On May 27, 1990, I cast my vote with about one-third of the country’s population. The majority voted for detained pro-democracy leader Aung San Suu Kyi’s party, the National League for Democracy.

The NLD won more than 80 percent of the vote, a total of 392 of the 485 seats contested in the 492-member assembly.

The junta’s surprise election announcement is the first semi-official declaration that the 1990 election results are nullified—forever gone.

We voted with our hearts, and our hearts were crushed by the generals.

Now we face a new reality, and we must focus on the present situation. 

From the election announcement, I have gained three significant political insights: No real dialogue between the government and detained pro-democracy leader Aung San Suu kyi will take place; the junta clearly rejects any role for the United Nations; and it will rigidly follow its own roadmap to a “disciplined” democracy.  

The announcement exposes the five meetings between Suu Kyi and the junta’s liaison officer in recent months as mere propaganda ploys.

Suu Kyi, who has been under house arrest for more than 12 of the past 18 years, herself expressed her deep frustration with the ongoing “talks” when she was allowed to meet with her colleagues on January 30.

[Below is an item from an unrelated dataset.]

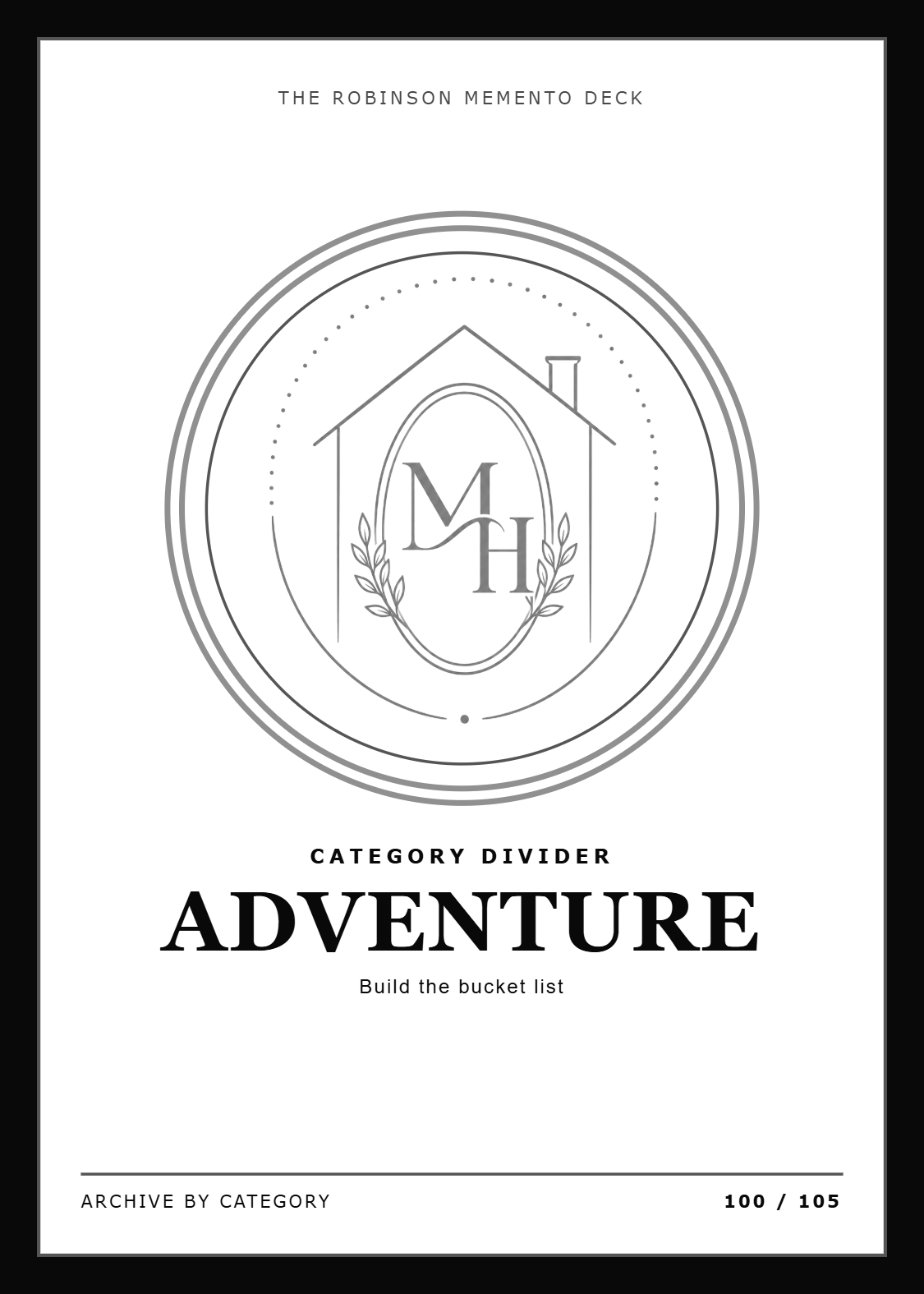 Adventure category divider card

So, we can forget anything coming out of the talks.

On the UN’s role, in a recent interview, UN Special Envoy Ibrahim Gambari said, “We suggested the appointment of a review commission to look at the constitution.” 

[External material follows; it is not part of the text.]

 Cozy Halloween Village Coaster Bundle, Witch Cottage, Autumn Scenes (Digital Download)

But clearly the regime has rejected inclusion of any opposition parties in the constitutional review process. The junta never had any intention of forming an inclusive group to review the draft constitution, written by handpicked delegates after the 14-year-long National Convention.

A clause in the draft constitution’s guidelines guarantees the military 25 percent of the seats in the country’s parliament, with representatives to be nominated by the commander in chief. The guidelines also allow the military to declare a “state of emergency” to suspend parliament and impose other restrictions.
 
There is little more the UN can say about the reconciliation process. Reconciliation is not going to happen.

Next, there is the junta’s final charade, the “seven-step road map” to democracy, signified by the general election in 2010.

The 1990 election was free and fair. The generals’ National Unity Party, a reincarnation of late dictator Ne Win’s Burma Socialist Program Party which ruled the country with an iron fist until 1988, was soundly defeated. 

In 2010, the junta-backed party will be the Union Solidarity and Development Association, a civilian organization like Golkar in Indonesia.

The USDA is notorious for its attacks on Suu Kyi and her supporters, especially the Depayin attack in 2003 and the 2007 uprising.

The USDA is now organizing local commissions to oversee the referendum voting and the general election process. Sources in Rangoon have told The Irrawaddy the USDA will also select candidates to run in the 2010 elections.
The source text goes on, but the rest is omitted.